Problem details ::
Your copy of the data should match it exactly, except that the pictures are gone.

Extracted records ::

=== Begin Enclosure ===

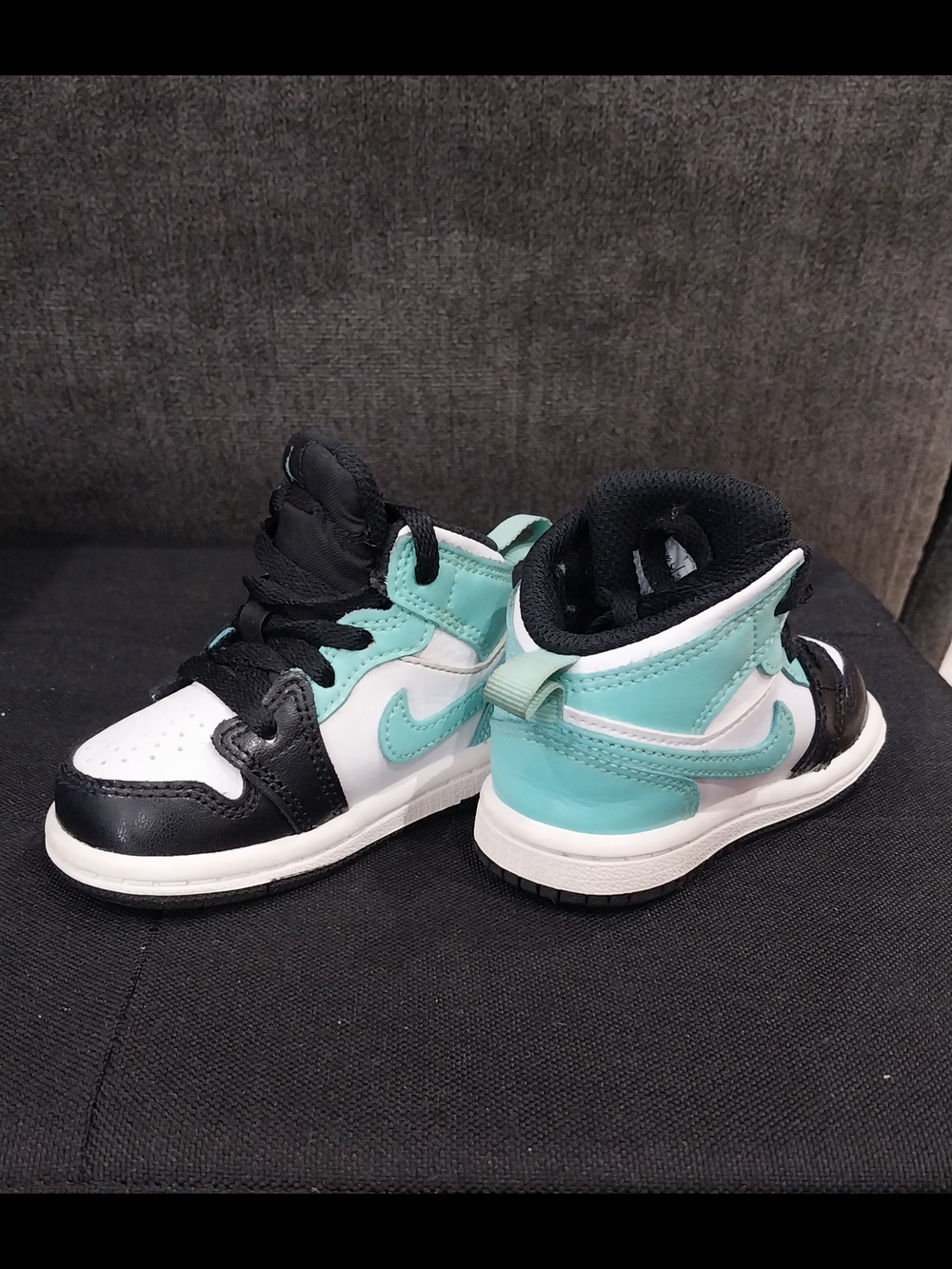Nike Jordan 1  White, Black & Blaeched Teal 4c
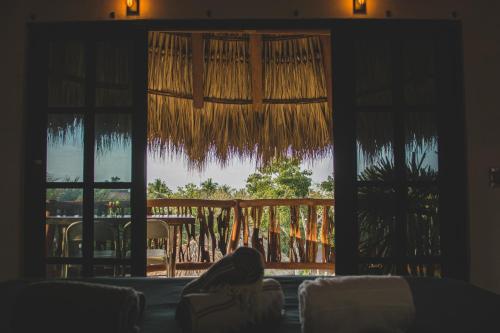 a person sitting on a couch looking out of a window at Villas Oasis, Troncones in Troncones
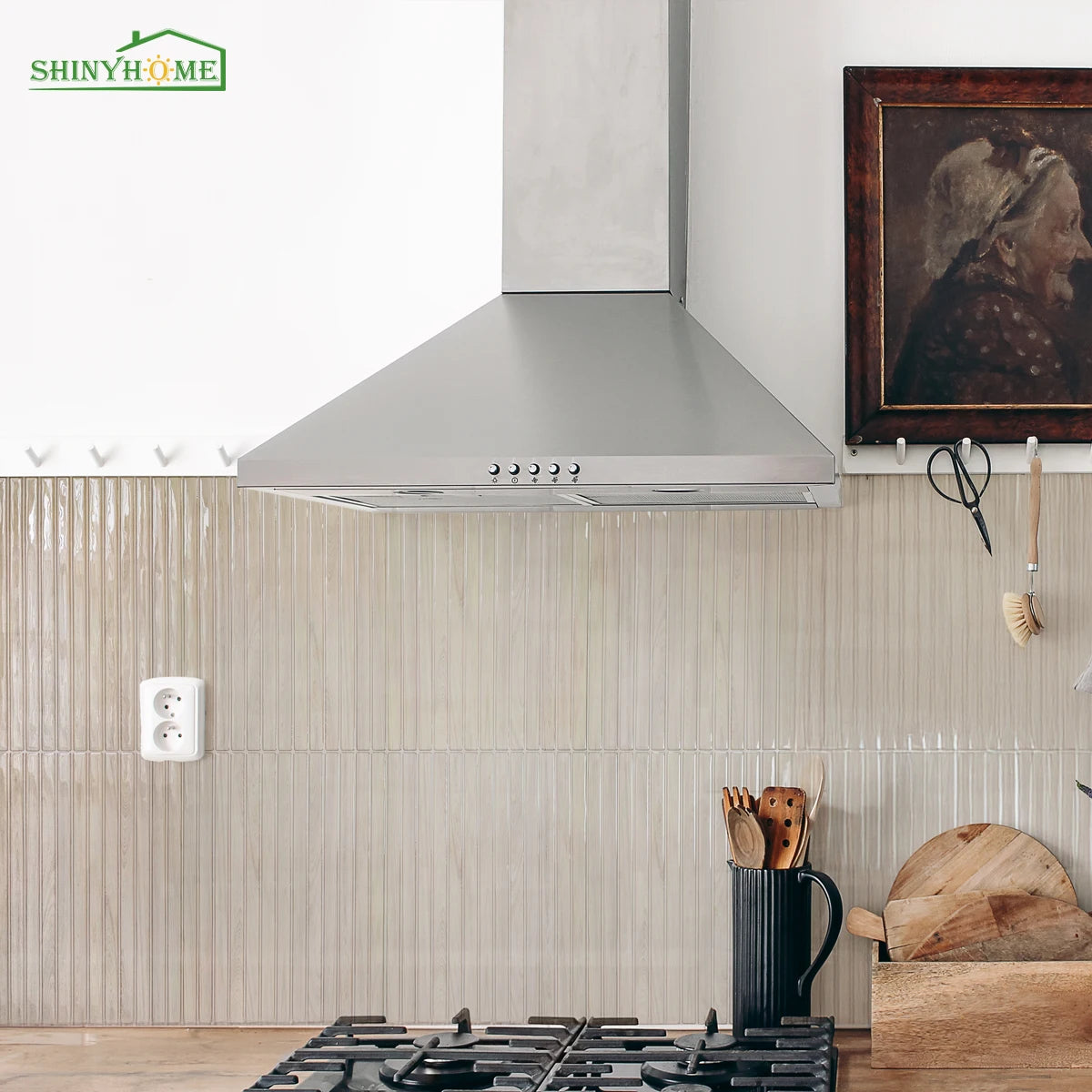 Campana extractora de acero inoxidable instalada sobre una encimera con azulejos de salpicadero de veta de madera clara.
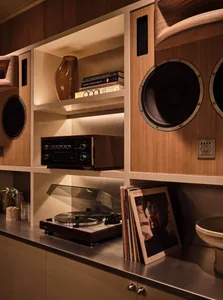 A cozy living area with a bookshelf, record player, and neatly arranged books, creating a warm and inviting atmosphere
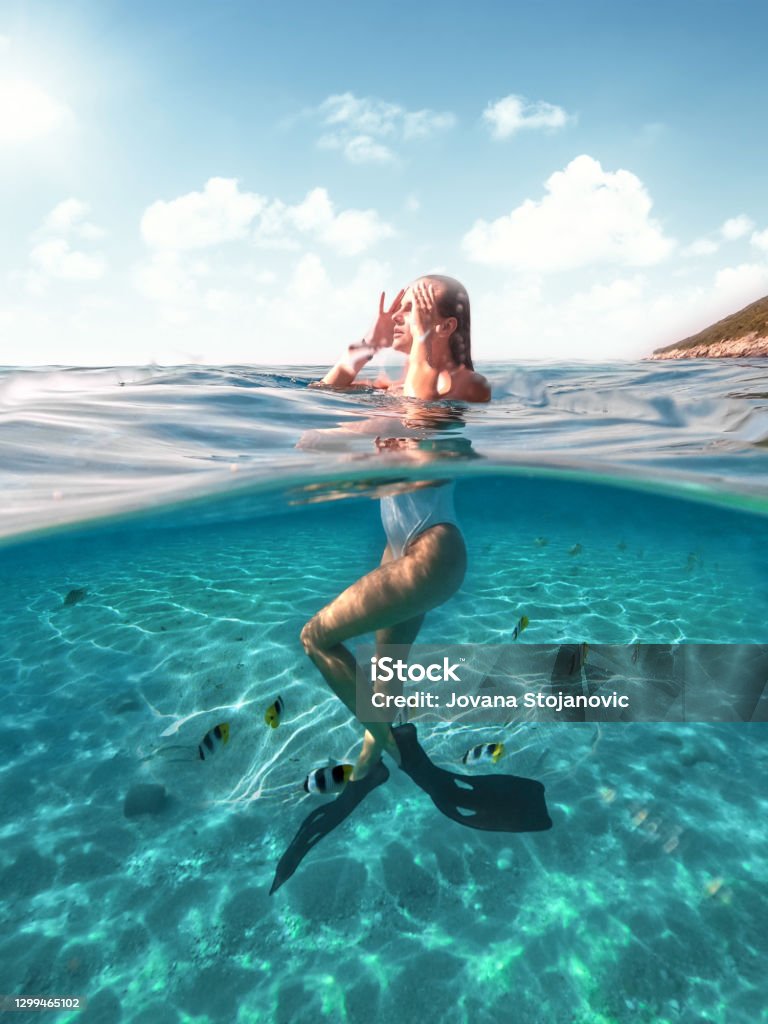 Swimming with fish in the sea Beach Stock Photo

=== End Enclosure ===

Exercise result ::
Nike Jordan 1  White, Black & Blaeched Teal 4c
 a person sitting on a couch looking out of a window at Villas Oasis, Troncones in Troncones
 Campana extractora de acero inoxidable instalada sobre una encimera con azulejos de salpicadero de veta de madera clara.
 A cozy living area with a bookshelf, record player, and neatly arranged books, creating a warm and inviting atmosphere
 Swimming with fish in the sea Beach Stock Photo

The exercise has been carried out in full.